Drowning Pool has been implicated in the murder rampage in Arizona after police revealed that 22-year-old suspect Jared Loughner had favored their 2001 single, “Bodies,” on his YouTube channel.
Loughner was apprehended after six people were shot dead in Tucson, including 9-year-old Christina Taylor Green. U.S. Congresswoman Gabrielle Giffords was also shot during the incident and is currently recovering in the hospital.
The Washington Post reported that the shooter had an unofficial video featuring “Bodies” playing in the background while a hooded figure wearing a garbage bag for pants limps across the desert to set fire to an American flag. The video was listed as a favorite on his YouTube channel, leading many media commentators to speculate over whether the killer was influenced by the song.
“Let the bodies hit the floor, let the bodies hit the floor,” are some of the lyrics that crooned in the video, creating a surreal and eerie scene that is similar to Saturday’s shooting.
Although investigators have not suggested that Loughner’s violent outburst was directly caused by the song, “Bodies” strikes a familiar chord in related murders, Post reports. Back in 2003, a 19-year-old boy cranked the pulsating tune in his headphones, walked out of his bedroom holding a 12-gauge shotgun and killed his parents.
"You're never sure what caused an individual to commit a specific act," said Brad Bushman, a communications and psychology professor at Ohio State University. "But I've been doing research on violent media for 20 years, and the evidence is that it leads to aggressive behavior. It's not the only factor that leads to violence, but it's one of them."
Drowning Pool, devastated by the allegations, released a statement on their Web site stating that they were disheartened by those whose lives were taken in the tragic event, and that “our song has been misinterpreted, again.”
"'Bodies' was written about the brotherhood of the mosh pit and the respect people have for each other in the pit. If you push others down, you have to pick them back up. It was never about violence. It's about a certain amount of respect and a code."
The statement added: "For someone to put out a video misinterpreting a song about a mosh pit as fuel for a violent act shows just how sick they really are."
Drowning Pool’s song has received media attention in the past after the media learned “Bodies” was used as a tool of torture at Guantanamo Bay in 2003 when it was played repeatedly to “stress” detainee Mohamedou Ould Slahi. The song has also been a battlefield anthem for U.S. troops before they engage in active duty and professional wrestlers and fighters.

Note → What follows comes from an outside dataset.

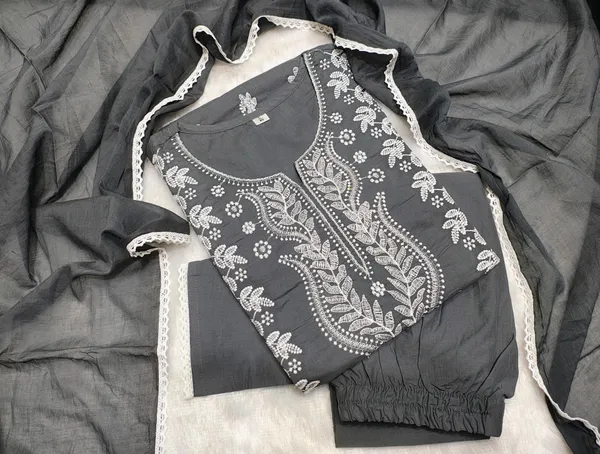 Heavy_Cotton_full_(ChiCkenkari)_Embroidery_Kurti_Plazo_Duppta_set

David Horowitz, the executive director of the First Amendment group Media Coalition stated that Drowning Pool shouldn’t carry any blame for their song, even if it provoked Loughner to do what he did.
"The idea that we would diminish the speech that we allow based on how it might be received by the most unstable listener would leave us with little speech whatsoever," he said, adding that "people commit murders in the name of the Bible or the Koran. To somehow hold the artist, the author, the speaker responsible for how the most unstable person drawn to the music or literature or movie might later act would deprive the 99.999 percent of people who never do anything illegal or violent."